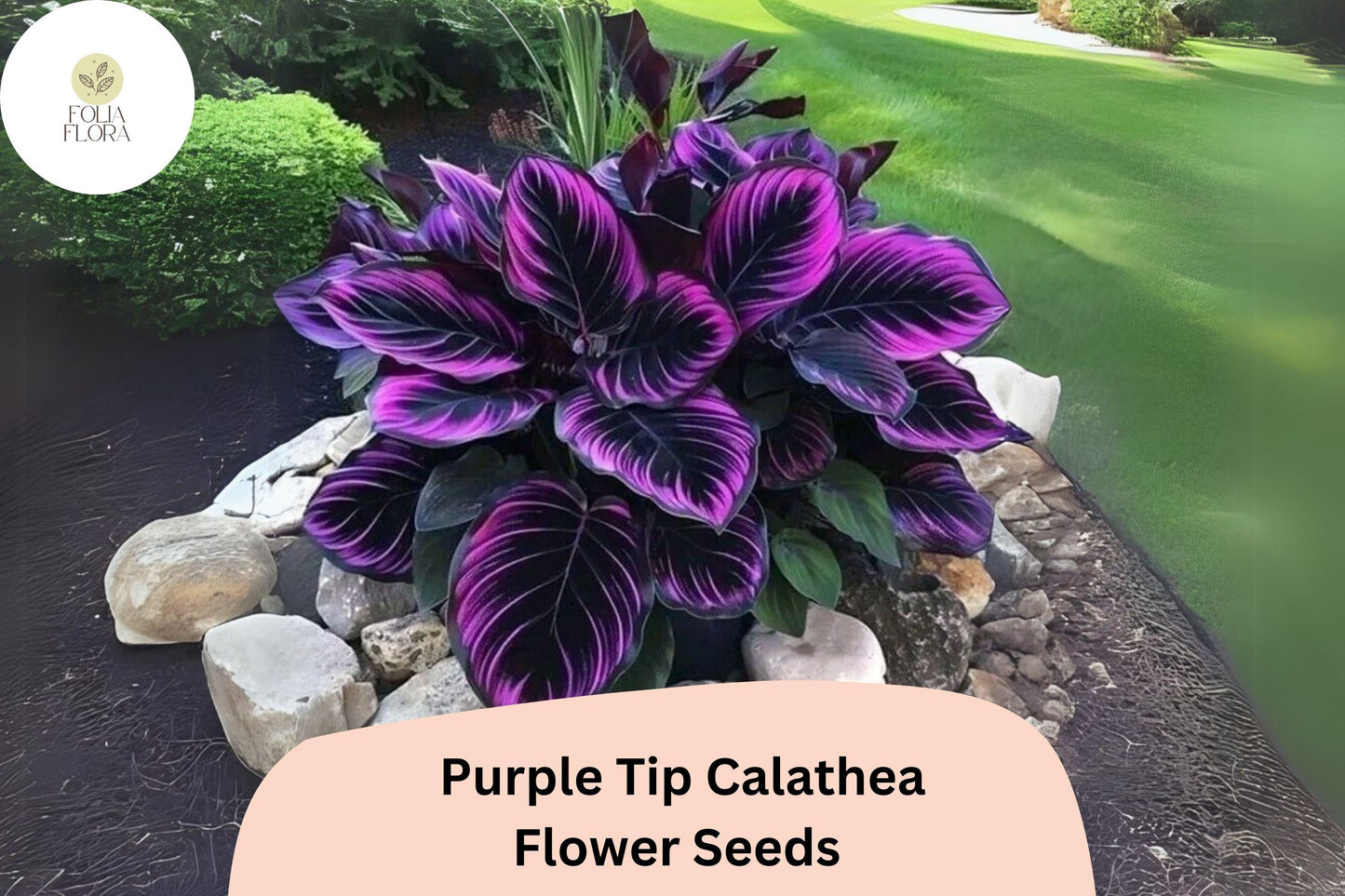 Purple Tip Calathea Seeds | Exotic Tropical Foliage Plant | Green & Purple Undersides | Calathea sp.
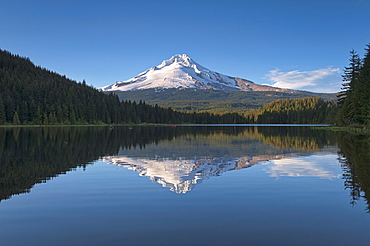 Mount Hood reflecting in Trillium Lake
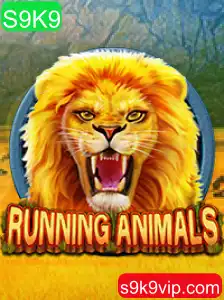 RunningAnimals: Uma Aventura Eletrizante no Mundo dos Jogos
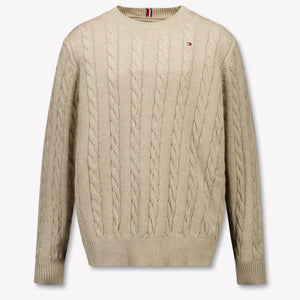Tommy Hilfiger Enfant Garçons Pull Beige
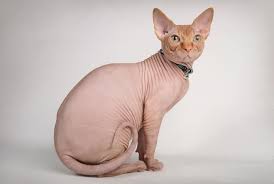 Hair loss from notoedres cati is seen on the ears, neck, eyelids and other facial and upper body regions. Do Other Animals Besides Humans Go Bald Science Smithsonian Magazine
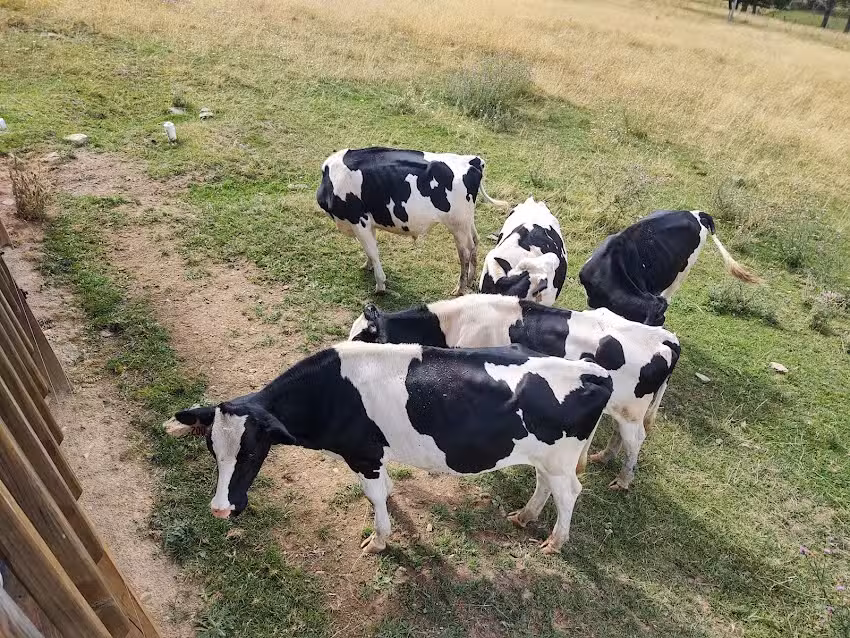 Germany Valley Overlook Cabins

◆ DIRECTIONS FOR THIS TASK
Please print exactly the lines running from the line with "Tommy Hilfiger Enfant Garçons Pull Beige" through the final line of the material, and nothing more. Keep pictures out.

◆ RESULT FOR THIS TASK
Tommy Hilfiger Enfant Garçons Pull Beige
 Hair loss from notoedres cati is seen on the ears, neck, eyelids and other facial and upper body regions. Do Other Animals Besides Humans Go Bald Science Smithsonian Magazine
 Germany Valley Overlook Cabins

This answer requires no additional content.